In queste ultime ore in cui si sta profilando il massiccio intervento dello Stato nel capitale di MPS, con eventuali ripercussioni sui risparmiatori, sui mercati regna la calma. Ma il rischio contagio che fine ha fatto?
Negli ultimi sei mesi è successo di tutto: la Brexit, la vittoria di Trump, le dimissioni del governo Renzi. In tutto questo marasma, i mercati finanziari non si sono scomposti (per ora, almeno), privilegiando le azioni, i settori ciclici e il dollaro.
Con la vittoria del NO al referendum, gli anticorpi della Costituzione più “bella del mondo” si sono messi al lavoro consegnando il Governo all’ex ministro degli Esteri, ora presidente del Consiglio, Paolo Gentiloni. Entrati nel terzo scenario dai noi ventilato, i mercati si sono subito resi conto che in buona sostanza non è cambiato nulla: lo spread BTP-Bund è tornato sui livelli di ottobre (intorno ai 150 punti base), e l’indice FTSEMIB ha guadagnato più del 17% grazie al recupero del settore finanziario.

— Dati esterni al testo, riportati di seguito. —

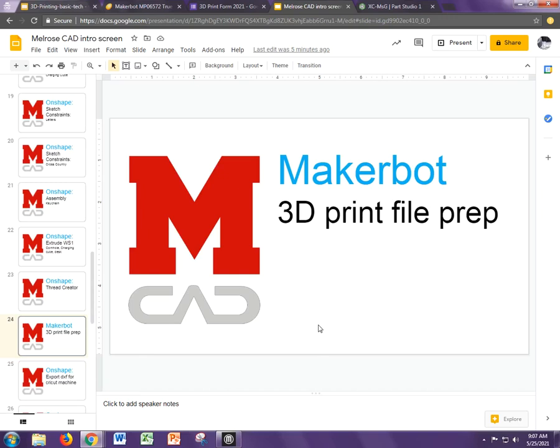So this video is going to show you how to export your CAD file and import it into MakerBot to prepare it to be 3D printed.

La decisione della FED, largamente anticipata dagli analisti, di aumentare i tassi d’interesse ha riportato i rendimenti governativi americani su livelli economicamente più ragionevoli, senza generare alcun panico (…ma non si sa mai). Rispetto all’aumento attuato nel dicembre 2015, le Borse non hanno battuto ciglio, ed il mercato sembra essersi adeguato all’evidenza che la FED alzerà i tassi gradualmente. Siamo alla fine del bull market obbligazionario? Noi preferiamo rimanere cauti per almeno due ragioni:
- i rendimenti obbligazionari sono destinati a rimanere bassi rispetto alla media storica, per una serie di ragioni strutturali (invecchiamento della popolazione, politiche monetarie accomodanti, bassa produttività);
- il mondo rimane prevalentemente in eccesso di offerta (in base all’analisi del c.d “output gap”) ed il successo delle politiche fiscali di Trump si valuterà solo tra qualche anno – perciò le attese di un aumento d’inflazione sono tutte da dimostrare.
Portafogli
Ci avviciniamo a fine anno con portafogli in buona salute, affatto scarichi di rischio, ma nel complesso prudenti e ben diversificati, sia a livello settoriale che geografico. Questa strategia ha pagato, in effetti: da inizio anno le performance medie dei portafogli sono tutte ampiamente positive con Sharpe ratio e Sortino ratio (performance corretta per il rischio) prevalentemente superiori a 1, un livello d’eccellenza per questi ratios.
Che interventi abbiamo attuato ora sui nostri portafogli?
Il clima finanziario rimane favorevole agli attivi rischiosi e, siccome i rischi sistemici rimangono modesti (benché non assenti, in testa i problemi dell’eurozona e delle sue banche), abbiamo deciso di aumentare lievemente il rischio dei portafogli (al massimo del 5%), e di ridurre ulteriormente la duration (dove possibile) sul fronte obbligazionario.
Guido / Dicembre 30, 2016
Come mai i portafogli “Figli” di tipo “Reddito” hanno performance sistematicamente superiori a quelli ad accumulo a parità di orizzonte temporale?